Among the lines below, keep only those from the one containing "144 Pieces Cushioned" through the one containing "Officially licensed Svengoolie", and reproduce them exactly.

Source material:
------------------------------------------------------------

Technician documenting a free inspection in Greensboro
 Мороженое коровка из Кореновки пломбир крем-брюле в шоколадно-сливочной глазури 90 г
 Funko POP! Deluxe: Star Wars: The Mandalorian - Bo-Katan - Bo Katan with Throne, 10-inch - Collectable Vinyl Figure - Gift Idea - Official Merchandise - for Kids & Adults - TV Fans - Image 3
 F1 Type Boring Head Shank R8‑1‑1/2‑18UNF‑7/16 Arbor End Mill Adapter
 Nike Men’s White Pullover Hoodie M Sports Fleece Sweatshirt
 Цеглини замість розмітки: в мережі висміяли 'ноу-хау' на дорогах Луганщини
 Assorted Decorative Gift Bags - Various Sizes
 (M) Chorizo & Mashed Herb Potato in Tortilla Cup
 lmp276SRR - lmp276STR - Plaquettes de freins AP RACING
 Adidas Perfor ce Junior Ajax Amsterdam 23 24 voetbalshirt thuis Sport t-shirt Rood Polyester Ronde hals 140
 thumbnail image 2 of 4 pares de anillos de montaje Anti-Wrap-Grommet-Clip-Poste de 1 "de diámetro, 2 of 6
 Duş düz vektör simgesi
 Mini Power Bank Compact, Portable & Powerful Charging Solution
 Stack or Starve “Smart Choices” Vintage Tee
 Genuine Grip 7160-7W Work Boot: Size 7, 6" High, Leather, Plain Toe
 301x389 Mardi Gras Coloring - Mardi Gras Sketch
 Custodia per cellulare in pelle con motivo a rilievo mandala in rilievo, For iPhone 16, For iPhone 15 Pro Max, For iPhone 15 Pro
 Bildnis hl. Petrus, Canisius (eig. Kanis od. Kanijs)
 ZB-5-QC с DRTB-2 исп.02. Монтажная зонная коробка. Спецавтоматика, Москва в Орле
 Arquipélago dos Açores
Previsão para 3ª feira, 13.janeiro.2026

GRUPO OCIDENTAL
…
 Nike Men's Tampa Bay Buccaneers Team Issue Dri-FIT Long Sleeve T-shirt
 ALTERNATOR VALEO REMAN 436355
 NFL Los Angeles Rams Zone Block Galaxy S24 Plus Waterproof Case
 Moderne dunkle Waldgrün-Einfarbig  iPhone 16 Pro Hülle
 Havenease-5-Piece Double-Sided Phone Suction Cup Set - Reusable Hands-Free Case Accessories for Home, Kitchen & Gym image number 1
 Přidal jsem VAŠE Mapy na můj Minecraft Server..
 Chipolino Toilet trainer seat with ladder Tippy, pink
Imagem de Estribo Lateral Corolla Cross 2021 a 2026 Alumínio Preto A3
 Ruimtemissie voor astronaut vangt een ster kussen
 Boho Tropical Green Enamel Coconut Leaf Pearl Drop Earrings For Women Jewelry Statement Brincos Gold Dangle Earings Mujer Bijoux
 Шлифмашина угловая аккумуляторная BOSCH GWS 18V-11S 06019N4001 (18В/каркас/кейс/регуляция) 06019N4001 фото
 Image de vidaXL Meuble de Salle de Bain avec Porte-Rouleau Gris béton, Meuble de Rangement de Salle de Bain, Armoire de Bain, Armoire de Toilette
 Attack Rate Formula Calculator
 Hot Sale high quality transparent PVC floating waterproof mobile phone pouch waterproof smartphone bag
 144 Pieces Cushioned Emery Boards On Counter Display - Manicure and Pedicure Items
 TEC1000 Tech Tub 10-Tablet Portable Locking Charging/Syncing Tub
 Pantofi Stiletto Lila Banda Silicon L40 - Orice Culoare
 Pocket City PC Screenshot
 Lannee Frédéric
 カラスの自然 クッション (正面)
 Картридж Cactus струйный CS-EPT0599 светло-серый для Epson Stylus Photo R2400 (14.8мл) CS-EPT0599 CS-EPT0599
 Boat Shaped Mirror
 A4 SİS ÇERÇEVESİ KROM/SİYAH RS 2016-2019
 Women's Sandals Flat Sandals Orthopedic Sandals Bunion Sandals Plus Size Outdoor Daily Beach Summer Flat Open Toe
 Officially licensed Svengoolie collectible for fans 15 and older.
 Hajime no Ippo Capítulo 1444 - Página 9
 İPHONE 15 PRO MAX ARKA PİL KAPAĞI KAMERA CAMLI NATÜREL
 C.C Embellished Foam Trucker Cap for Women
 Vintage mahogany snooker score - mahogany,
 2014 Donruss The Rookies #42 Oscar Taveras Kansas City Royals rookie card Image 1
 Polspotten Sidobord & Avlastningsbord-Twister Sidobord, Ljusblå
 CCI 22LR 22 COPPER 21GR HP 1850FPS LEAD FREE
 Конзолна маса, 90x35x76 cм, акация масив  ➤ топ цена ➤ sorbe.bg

------------------------------------------------------------

Result:
 144 Pieces Cushioned Emery Boards On Counter Display - Manicure and Pedicure Items
 TEC1000 Tech Tub 10-Tablet Portable Locking Charging/Syncing Tub
 Pantofi Stiletto Lila Banda Silicon L40 - Orice Culoare
 Pocket City PC Screenshot
 Lannee Frédéric
 カラスの自然 クッション (正面)
 Картридж Cactus струйный CS-EPT0599 светло-серый для Epson Stylus Photo R2400 (14.8мл) CS-EPT0599 CS-EPT0599
 Boat Shaped Mirror
 A4 SİS ÇERÇEVESİ KROM/SİYAH RS 2016-2019
 Women's Sandals Flat Sandals Orthopedic Sandals Bunion Sandals Plus Size Outdoor Daily Beach Summer Flat Open Toe
 Officially licensed Svengoolie collectible for fans 15 and older.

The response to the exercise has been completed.